Les films de Patrick Delabre répondent une éidétique de l'esprit et succèdent généralement à des considérations d'ordre philosophique : la complexité du rhizome énoncée par Deleuze en opposition à la linéarité du syntagme de Chomsky a amené Patrick Delabre, à partir de Chantilly, à développer une sorte de "simultanéisme infinitésimal" sur lequel il ne cesse de revenir. Autre contamination philosophique, celle de Michel Foucault que Delabre rencontrera à la fin des années soixante-dix. Il produira d'ailleurs une installation 4 x 4 (multiécran de 4 x 4 images) à partir d'un texte médiéval sur la torture que le philosophe avait publié en raturant certains mots, Obliteration Systems. Une boucle sans fin est projetée sur un agrandissement du texte accroché au mur en guise d'écran, sur la base du principe d'équivalence. A mot raturé correspond mot dévoilé ou caché dans le film, mot dit ou chuchoté sur la bande sonore. La cinématographie de Delabre a évolué, après son départ de Paris, au sein de l'Art Institute de San Francisco, vers la création de pièces multimédias performatives. Ainsi Gridded Scroll (présentée en 1984 et 1986 à la Cinémathèque de San Francisco et à Colab) reprend certains principes de la pièce Oliteration Systems en faisant intervenir le public qui choisit lui-même certains éléments graphiques de la pièce. L'écran n'a plus ce statut de matière inerte qu'on lui dévolue habituellement mais devient lui-même un objet esthétique évolutif et ouvert au public :image sur image qui esthétiquement parlant n'est pas sans rappeler Le corbeau et le renard de Marcel Broodthaers. Une autre pièce (supertemporelle comme diraient les lettristes) associe à une de ses séquences filmées exploratoires (séquence d'un cerisier en fleur réalisée aux Etats-Unis au moment où il s'y installait) un jeu éducatif pour les petits enfants, composé de formes simples (carrés, triangles, cercles) auxquelles l'artiste donne des attributs de langage (mots) énoncés par le spectateur actant.

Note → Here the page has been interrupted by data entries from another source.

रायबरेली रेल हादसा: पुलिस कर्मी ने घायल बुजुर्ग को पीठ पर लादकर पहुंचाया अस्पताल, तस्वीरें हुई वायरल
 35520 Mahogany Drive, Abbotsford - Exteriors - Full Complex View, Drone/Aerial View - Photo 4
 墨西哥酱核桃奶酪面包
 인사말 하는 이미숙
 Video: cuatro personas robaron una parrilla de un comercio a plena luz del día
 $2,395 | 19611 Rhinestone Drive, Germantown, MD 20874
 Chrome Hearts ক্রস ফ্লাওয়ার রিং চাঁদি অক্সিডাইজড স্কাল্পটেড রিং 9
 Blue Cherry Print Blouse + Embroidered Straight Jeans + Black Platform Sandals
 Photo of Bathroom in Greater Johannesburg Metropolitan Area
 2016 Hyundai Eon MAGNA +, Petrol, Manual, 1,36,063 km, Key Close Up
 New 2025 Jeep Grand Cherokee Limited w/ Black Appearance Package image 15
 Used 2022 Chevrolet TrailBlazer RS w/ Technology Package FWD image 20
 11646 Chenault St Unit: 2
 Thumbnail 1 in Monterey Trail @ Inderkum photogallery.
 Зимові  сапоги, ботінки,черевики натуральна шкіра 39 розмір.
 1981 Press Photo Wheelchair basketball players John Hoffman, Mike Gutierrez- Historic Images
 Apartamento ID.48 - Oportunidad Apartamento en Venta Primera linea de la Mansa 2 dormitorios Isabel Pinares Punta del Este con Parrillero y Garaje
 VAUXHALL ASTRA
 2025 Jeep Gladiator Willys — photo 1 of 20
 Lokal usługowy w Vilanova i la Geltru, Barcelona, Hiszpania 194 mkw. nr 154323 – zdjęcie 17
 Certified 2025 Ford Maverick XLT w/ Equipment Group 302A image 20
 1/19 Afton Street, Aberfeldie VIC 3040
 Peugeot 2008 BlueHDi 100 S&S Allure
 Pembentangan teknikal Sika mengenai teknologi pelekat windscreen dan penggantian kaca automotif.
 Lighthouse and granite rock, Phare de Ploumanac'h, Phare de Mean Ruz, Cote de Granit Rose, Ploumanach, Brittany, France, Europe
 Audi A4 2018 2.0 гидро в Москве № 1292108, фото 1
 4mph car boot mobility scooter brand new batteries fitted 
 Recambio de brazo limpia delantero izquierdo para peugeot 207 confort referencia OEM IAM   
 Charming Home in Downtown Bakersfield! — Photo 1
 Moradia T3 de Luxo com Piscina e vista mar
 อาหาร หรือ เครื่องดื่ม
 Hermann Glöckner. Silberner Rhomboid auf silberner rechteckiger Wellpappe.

Retiré de la vie publique depuis une dizaine d'années et installé à Chicago, son travail se synthétise : essais de gravure sur pellicule puis reprise des installations faisant intervenir les projections lumineuses sur des images-écrans, initiées sur la Côte Ouest. Delabre travaille actuellement sur une série de douze films, Patterns in a Circular Frame à partir de séquences de dessins abstraits obtenus par frottage. "
Jean Michel Bouhours dans L'art du Mouvement, édition Centre Pompidou, Paris, 1996, p.120.